Whether we’re talking about genetics or identity, we know that social movements and social activism come out of a sense of empowerment and agency. And like-minded people who feel empowered and outraged about the way things are can change things. That empowerment comes to some through the use of these tests is part of what mobilizes them for social justice issues.

Jeffries: For the companies that own these databases, is there something to be said about the politics of privacy and the ethics of who keeps our DNA?

Nelson: Different companies do different things. Often the consent forms you sign when you do one of these tests look like the consent that you sign when you’re uploading a new operating system—there’s a lot of small words and people don’t really read it. We know, for example, that some companies keep all of your data, because when you’re dealing with millions of genetic markers, the bigger your databases are, the more reliable statistically speaking your findings can be.

And now that some companies are interested, not only in genetic ancestry testing but also in pharmaceutical developments, this data becomes really important. They’re using people’s genetic samples to try to do investigations and for the development of personalized medicine and protocols.

But then you have the new genetic genealogy 2.0 that’s been happening: the ability for people to upload their markers online, to make them available to other geneticists.

On one website you can fill out as much as you can of your family tree and also upload your genetic genealogy results so that other people can see them or people can contact you. On the one hand, there’s two different competing interests here: One is people wanting to know more about their genealogy and their genetic genealogy, which might cause them to reveal information to other people. But then there’s also this real necessary interest in privacy and the desire for privacy.

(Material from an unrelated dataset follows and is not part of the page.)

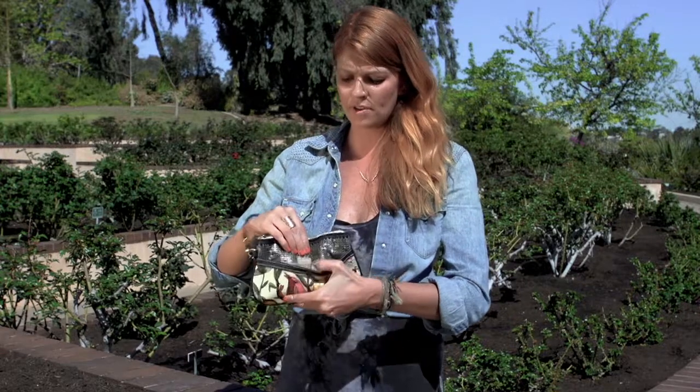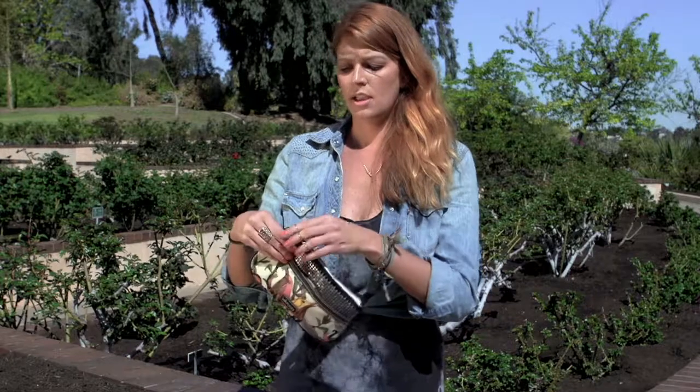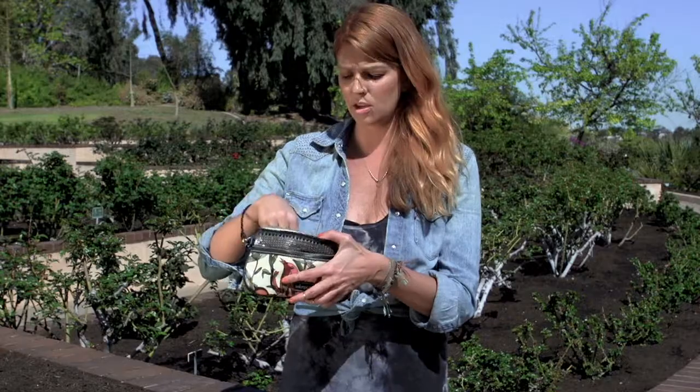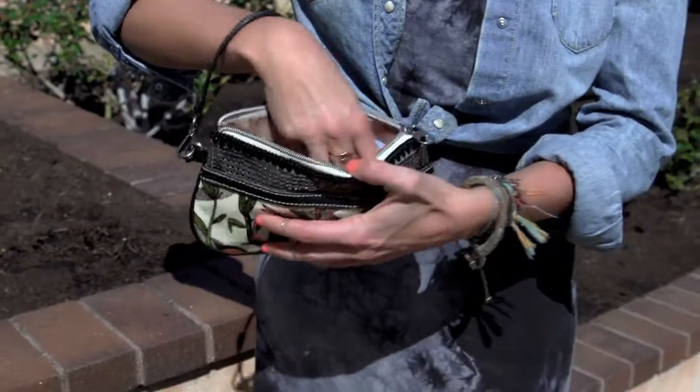It has a front compartment for easy access to your license or credit cards. It also has a zipper compartment with a back little slip pocket, so for lip gloss, anything you need to get to quickly. And you have a secure key ring inside, so you'll never lose your keys again.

Someone might think, “Well, I’m just using this to do my genealogy.” But that same data could be used to reveal things about your medical profile or could be used potentially to implicate people in the criminal justice system.

The thing about DNA that’s different from other kinds of data is that it can be useful in all of these different social and political sites—the exact same data, the exact same samples, potentially. That’s where the portability and transitive nature of DNA technology is the concern.

I’m not trying to paint a dystopic future, but I think it’s something to worry about. Genetic data carries a lot of information that can be used simultaneously in a lot of different places for purposes for which people intend it to be used, and purposes that they do not.